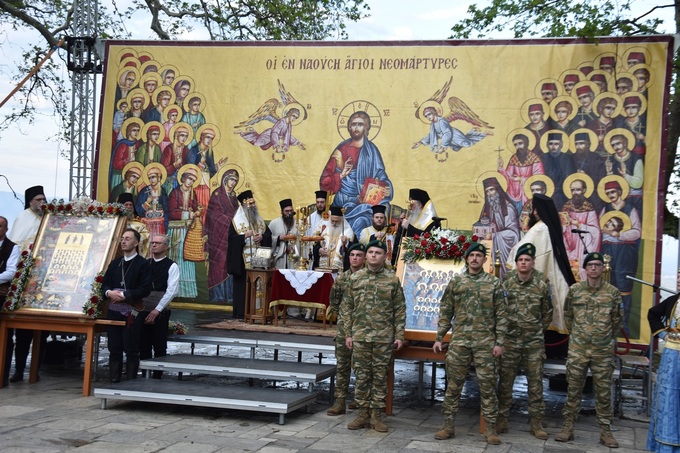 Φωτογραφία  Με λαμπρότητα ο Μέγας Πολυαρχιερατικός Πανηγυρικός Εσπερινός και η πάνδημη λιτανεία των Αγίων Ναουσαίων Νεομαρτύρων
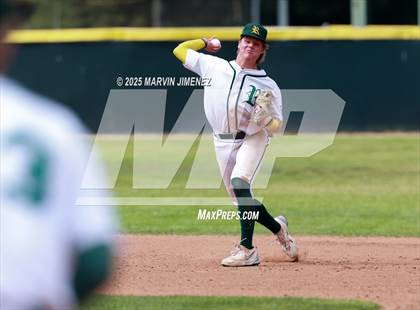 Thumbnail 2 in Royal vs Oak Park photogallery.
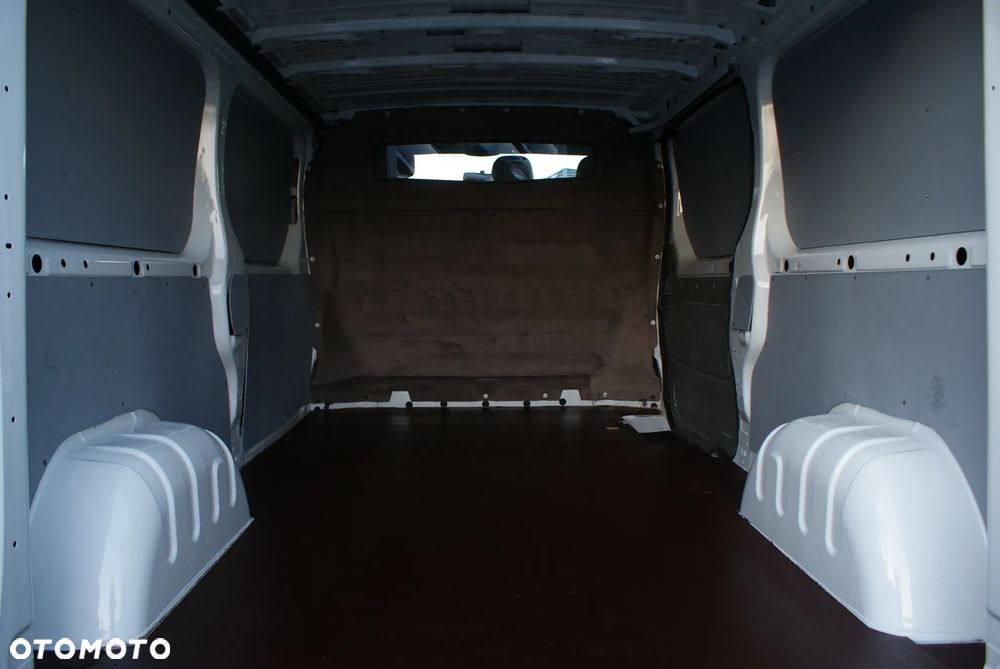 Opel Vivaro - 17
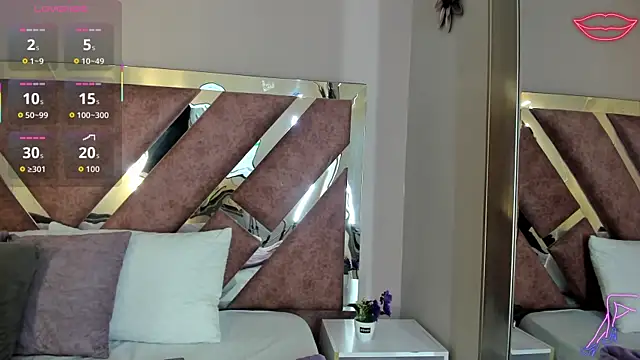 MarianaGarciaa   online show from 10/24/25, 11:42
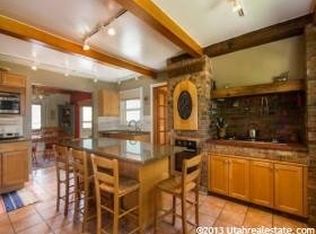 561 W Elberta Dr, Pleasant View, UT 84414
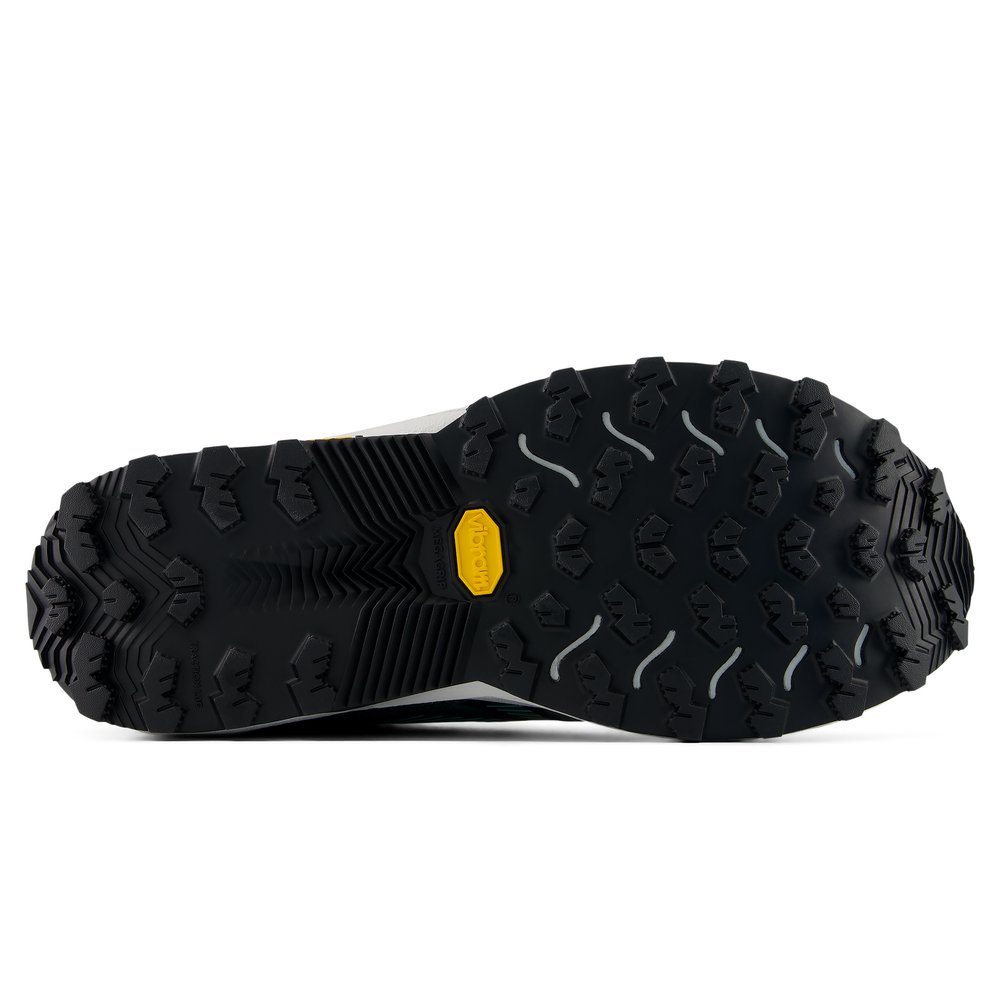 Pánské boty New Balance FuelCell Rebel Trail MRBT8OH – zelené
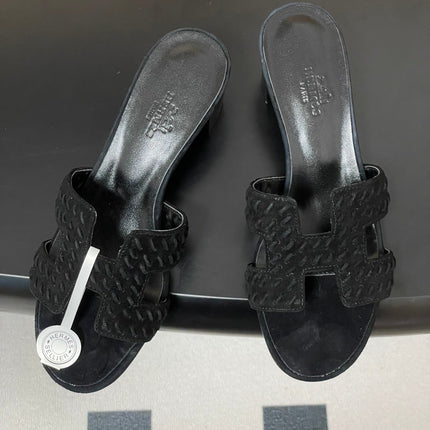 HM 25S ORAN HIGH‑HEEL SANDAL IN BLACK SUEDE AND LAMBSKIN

**ABOUT THIS TASK**
Give again, exactly as written, the lines from the one with "561 W Elberta Dr, Pleasant View, UT 84414" through the last line of the entries above, but skip the pictures.

**PROBLEM SOLUTION**
 561 W Elberta Dr, Pleasant View, UT 84414
 Pánské boty New Balance FuelCell Rebel Trail MRBT8OH – zelené
 HM 25S ORAN HIGH‑HEEL SANDAL IN BLACK SUEDE AND LAMBSKIN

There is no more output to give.